We think better depth filter performance can be achieved with considering more occlusion conditions of a tile. Therefore, in this paper, we propose an algorithm, Adaptive Tile Depth Filter (ATDF), to reduce the depth buffer bandwidth for low power graphics systems. It can classify the fragments into four categories, occluded, non-occluded, first-drawn, and uncertain in the beginning stage of the rendering pipeline. If a fragment is found to be occluded, this fragment will be rejected from the pipeline to save redundant operation power and memory bandwidth. For a non-occluded or first-drawn



Fig. 1. Illustration of (a) conventional rendering pipeline and (b) rendering pipeline with ATDF.

fragment, the depth buffer test will be ignored to save the ZR bandwidth. In addition to save memory accesses during depth test, the bandwidth for clearing memory in the initialization stage can also be prevented with considering the first-drawn situation as HyperZ system does [3]. Finally, if the category of a fragment is uncertain, it means the ATDF fails to classify the fragment, and all the rendering operations will be performed in the render pipeline.

The organization of this paper is as follows. The proposed algorithm is described in Sec. II. Next, in Sec. III, the experimental results will be shown. Finally, a short conclusion is given in Sec. IV.

# II. ADAPTIVE TILE DEPTH FILTER

A simplified conventional rendering pipeline can be illustrated in Fig. 1(a), while Fig. 1(b) shows the rendering pipeline with ATDF. In Fig. 1(b), for the normal graphic scene without alpha test, stencil test, or texture transparency, Z-Buffer test can be performed before texturing (Z Test Front); otherwise, the Z-Buffer test after texturing (Z Test Back) should be performed. In the normal scene with Z Test Front, the memory bandwidth can be described as [1]:

$$M = \alpha \times ZR + \beta \times ZR + \beta \times (ZW + CR + CW + TR), \qquad (1)$$

where  $\alpha$  is the number of the occluded fragments, and  $\beta$  is the number for the non-occluded fragments. On the other hand, for the scenes requiring Z Test Back, the memory bandwidth will be changed to:

$$M = \alpha \times (ZR + TR) + \beta \times ZR + \beta \times (ZW + CR + CW + TR).$$
(2)

The  $Z_{max}$  and DF algorithms could avoid the  $\alpha \times ZR$  or  $\alpha \times (ZR + TR)$  cost in terms of memory bandwidth, while the  $Z_{min}$  algorithm could avoid the  $\beta \times ZR$  cost. ATDF provides the better filter rate to avoid the redundant memory bandwidth of both occluded and non-occluded fragments by use of both  $Z_{max}$  and  $Z_{min}$  concepts. In addition, with

two new techniques, coverage mask and adaptive tile mode, the depth filter performance can be further improved. The details of the proposed algorithm will be described in the next subsections.
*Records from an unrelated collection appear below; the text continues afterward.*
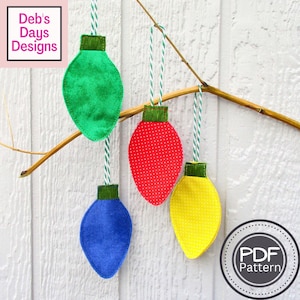 May include: Four colorful felt Christmas light ornaments hanging from a branch. The ornaments are green, red, blue, and yellow, with green tops and white and green string. The red light has white polka dots. The image includes the text "Deb's Days Designs" and a "PDF Pattern" logo.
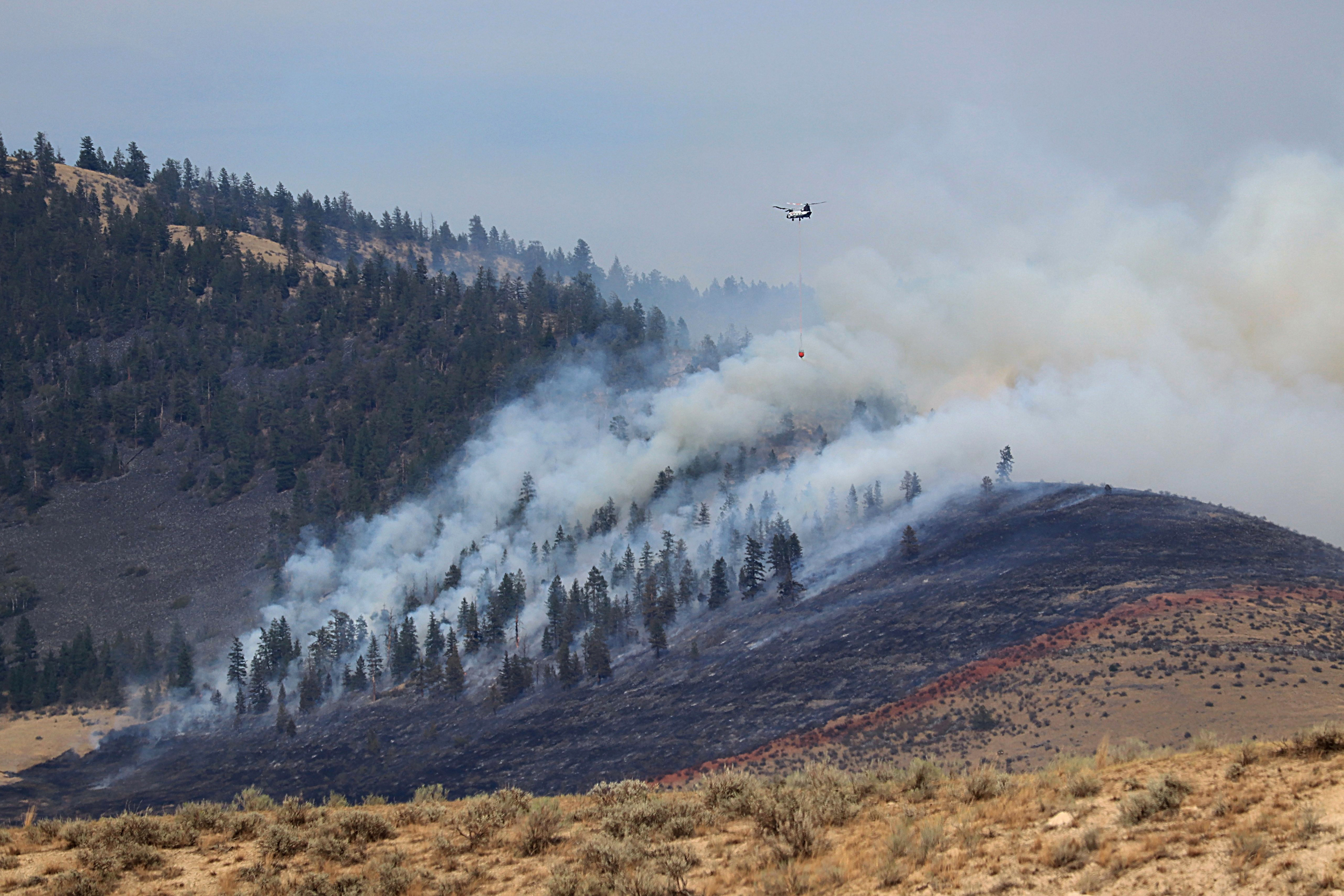Uma tripulação de helicóptero combate um incêndio florestal perto de Kalispell, Montana, em agosto de 2022. Crédito: Don e Melinda Crawford/Universal Images Group via Getty Images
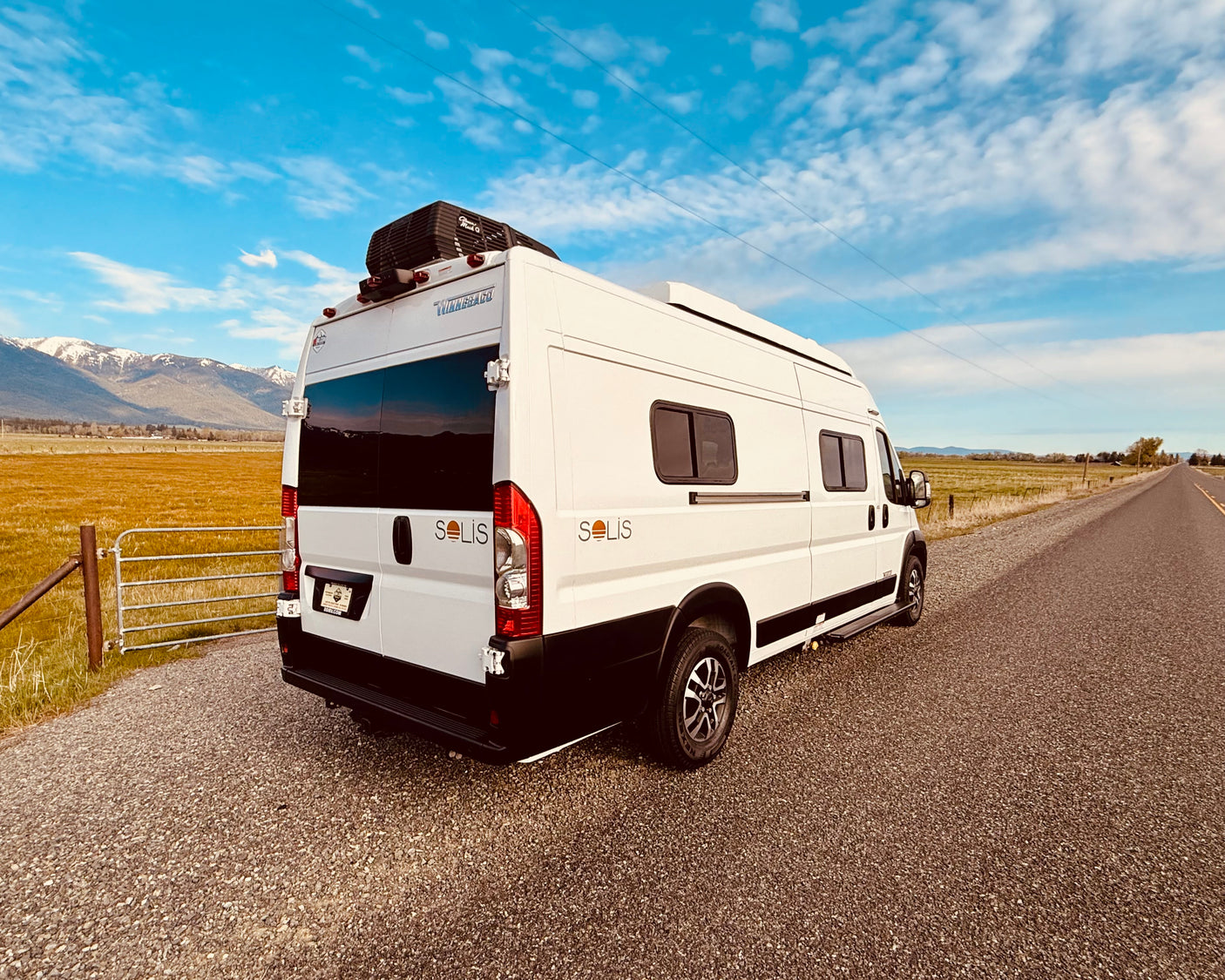 This white Solis rv rental van offers adventure. Parked roadside with mountains & fields, ready for camping & scenic drives.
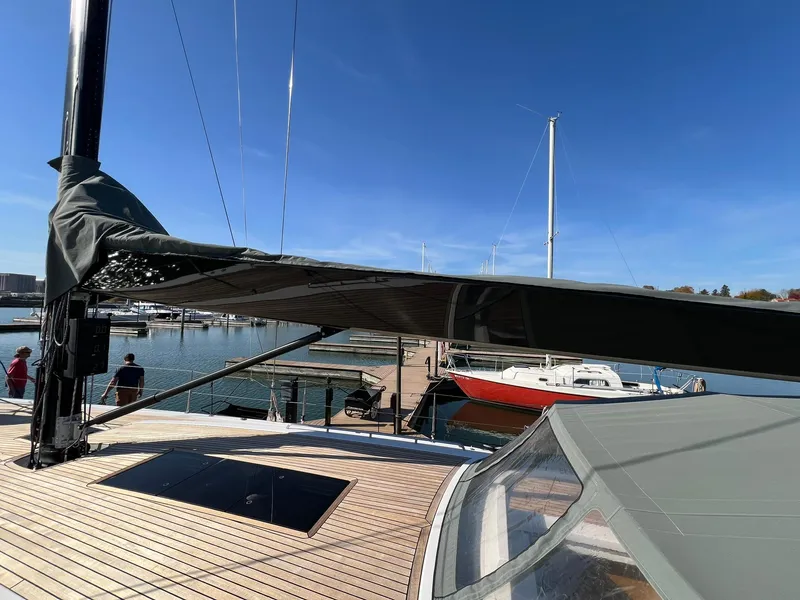 Slide: The Image of 2015 X-Yachts Xp 55 sailboat docked at marina under clear blue sky. - 32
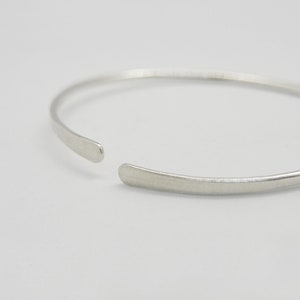 May include: A simple silver bangle bracelet with a slightly rounded shape. The bracelet is open on one side and has a smooth, polished finish.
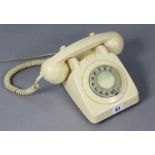 A vintage cream plastic telephone.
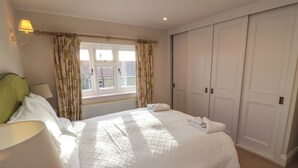 Une chambre d’hôtel avec un grand lit, une fenêtre avec des rideaux, un radiateur et une armoire.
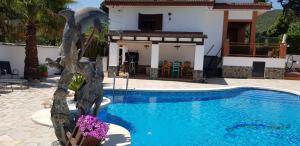 リャゴステラにあるvilla arandaの像のあるプールが家の隣にある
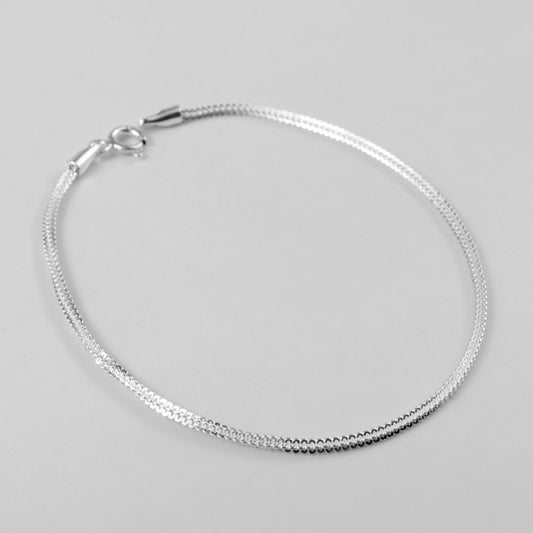 Gleaming Link Bracelet - An elegant 925 sterling silver bracelet by GetTheJuice, featuring polished links that sparkle with a refined and sophisticated charm.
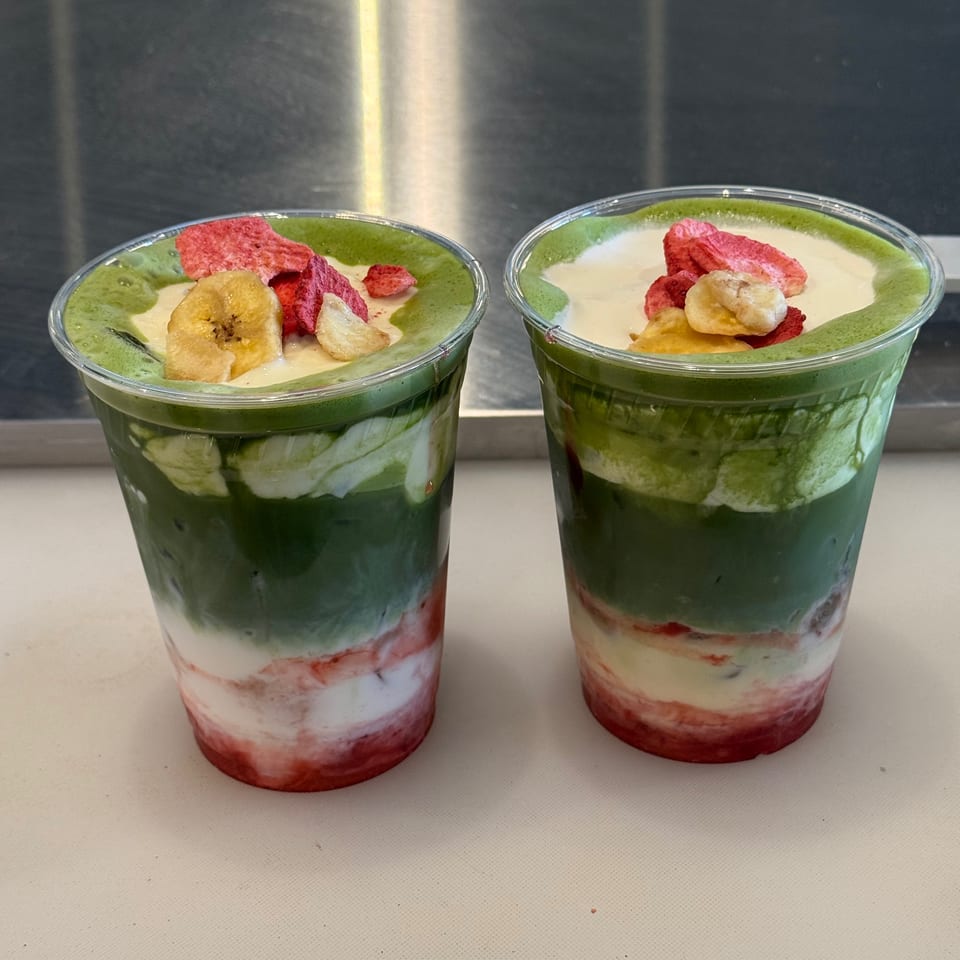 Two layered matcha drinks with cream, strawberry, and banana chips in clear cups.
# A. Coverage Masks And Tile Decomposition

The proposed depth filter algorithm can be illustrated in Fig. 2. In each figure, it shows the fragment distribution along the z axis in a tile, where the horizontal axis represents x-y axis of the screen, and the circles represent the fragments in the tile. When a triangle is rendered, the tiles covered by it are traversed one-by-one. For one of the tiles, in the following descriptions, the "z-values of the previous tile" denotes the z-values of the rendered fragments in the tile before rendering the current triangle, and the "z-values of the current tile" denotes the fragment z-values of the current triangle in the tile. Figure 2(a) shows how the  $Z_{max}$  and  $Z_{min}$  values can be generated from z-values of the previous tile. With  $Z_{max}$  and  $Z_{min}$ , the z-space can be separated into three regions: nonoccluded, uncertain, and occluded. For the fragments of the current tile, whose z-value distribution is shown in Fig. 2(b), all fragments in the occluded region could be rejected from the pipeline, and the fragments in the non-occluded region could be rendered without checking the Z-Buffer to avoid the ZR bandwidth. These two kinds of the filtered fragments are shown as the solid circles in the figure. For the fragments in the uncertain region, which are shown as the hollow circles, they will be passed into the pipeline to perform all the pixelbased operations including ZR.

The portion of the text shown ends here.